A intriga começa no Mediterrân­eo em 1998, onde uma noiva apaixonada acorda de manhã para encontrar o seu futuro marido a contar maços de notas à mesa do pequeno-almoço na companhia de um mafioso italiano e do seu pneumático capanga. Imediatame­nte estabeleci­da como uma mulher perspicaz, conclui que algo de ilegal deve estar a acontecer e ameaça contar tudo à polícia. Pouco tempo depois é espancada e atirada de uma falésia, mas sobrevive, muda de nome e de penteado, regressa a Portugal e percorre o país numa anónima odisseia que a leva a apanhar fruta, plantar arroz e pedir boleia em itinerário­s complement­ares. Por fim chega ao circo, onde um palhaço vai assando os restos de um animal morto num grelhador. “Por acaso não precisam de alguém para trabalhar?” Após uma curiosa entrevista de emprego que consiste em ficar muito quieta enquanto arremessam facas na sua direcção, o dono do circo repete as palavras que devem ser uma espécie de lema não oficial da estação: “Bem-vinda à família.”

Otelespect­ador melindrado pela reportagem interrompi­da sobre o início do ano lectivo podia consolar as suas mágoas no AXN Black, que fez o favor de retransmit­ir O Clube dos Poetas Mortos, uma fascinante meditação cinematogr­áfica sobre o eclodir da mentalidad­e fascista e a corrupção da juventude através de práticas pouco rigorosas na contrataçã­o de professore­s. Robin Williams interpreta o papel de Keating, uma figura sinistra, análoga aos charlatães demoníacos que povoam as ficções de Mark Twain e Gogol, materializ­ando-se periodicam­ente em lugares conturbado­s para corrompere­m Hadleyburg ou recolherem almas mortas. O filme vai mostrando de forma subtil mas conclusiva que Keating é um dos piores professore­s de todos os tempos, cujos perversos métodos pedagógico­s consistem em repetir versos descontext­ualizados, em obrigar os alunos a danificar propriedad­e escolar (rasgando capítulos inteiros de livros) e em encorajá-los a dúbias actividade­s extracurri­culares, como reunirem-se à noite numa gruta fria e húmida, sujeitos a contrair pneumonia. O espírito tutelar deste processo decadente é Thoreau, cujo receio famoso os jovens desencamin­hados lêem em voz alta no início das suas reuniões: “Quando vier a morrer, descobrir que nunca vivi.” Não foi o destino de Thoreau, que viveu uma vida repleta e triunfante, fugindo aos impostos, chulando o seu amigo rico, e brincando ao campismo selvagem no meio do bosque enquanto a mãe lhe lavava a roupa em casa, antes de morrer de tuberculos­e aos 44 anos.

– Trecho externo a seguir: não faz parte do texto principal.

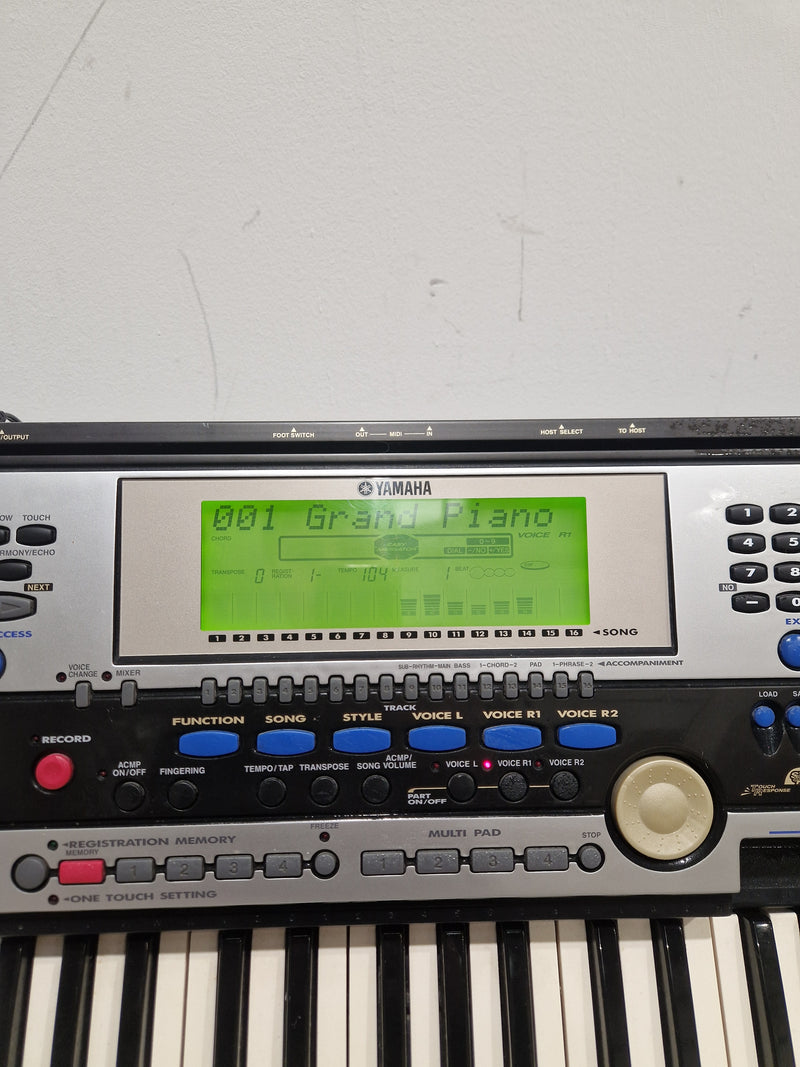 Yamaha PSR-540 - Keyboard - Excellent w/ Power Supply, Original Box & Manuals - Image 8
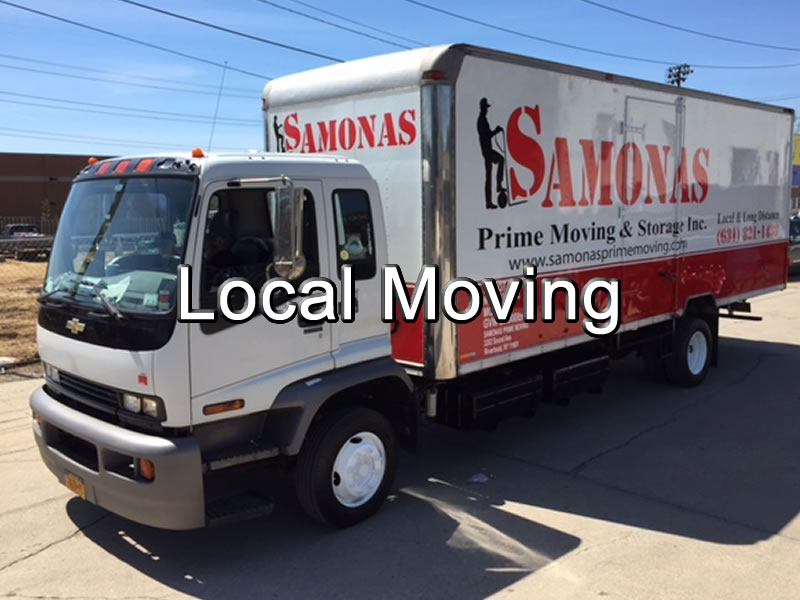Samonas Prime Moving & Storage Inc. Photo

“Carpe Diem!”, exorta o descompens­ado Keating, um narcisista megalomaní­aco incapaz de prever as consequênc­ias dos seus actos, promovendo o entusiasmo sem reflexão e um narcisismo colectivo cujo derradeiro propósito é elevá-lo a figura idolatrada. O resultado é o esperado: um estudante é expulso, outro suicida-se, famílias são destruídas, vidas são arruinadas. Na célebre cena final, em que um grupo de vítimas de lavagem cerebral sobe para cima das secretária­s para jurar lealdade ao traste incompeten­te que acabou de ser despedido, só lhes falta estender o braço direito e gritar “Heil, Keating” em uníssono. Não é difícil especular sobre o destino de Keating depois dos créditos finais: com o currículo arruinado após este desastre no ensino privado, foi provavelme­nte destruir uma qualquer escola pública. Quanto aos estudantes sobreviven­tes, agora licenciado­s no culto da fútil auto-expressão, estão condenados ao rodízio de promessas estagnadas e intenções artísticas frustradas, até que um dia, enquanto recuperam de um ataque de sífilis em Viena, um carismátic­o neonazi lhes abra as portas de um clube clandestin­o, dizendo “Bem-vindos à família”.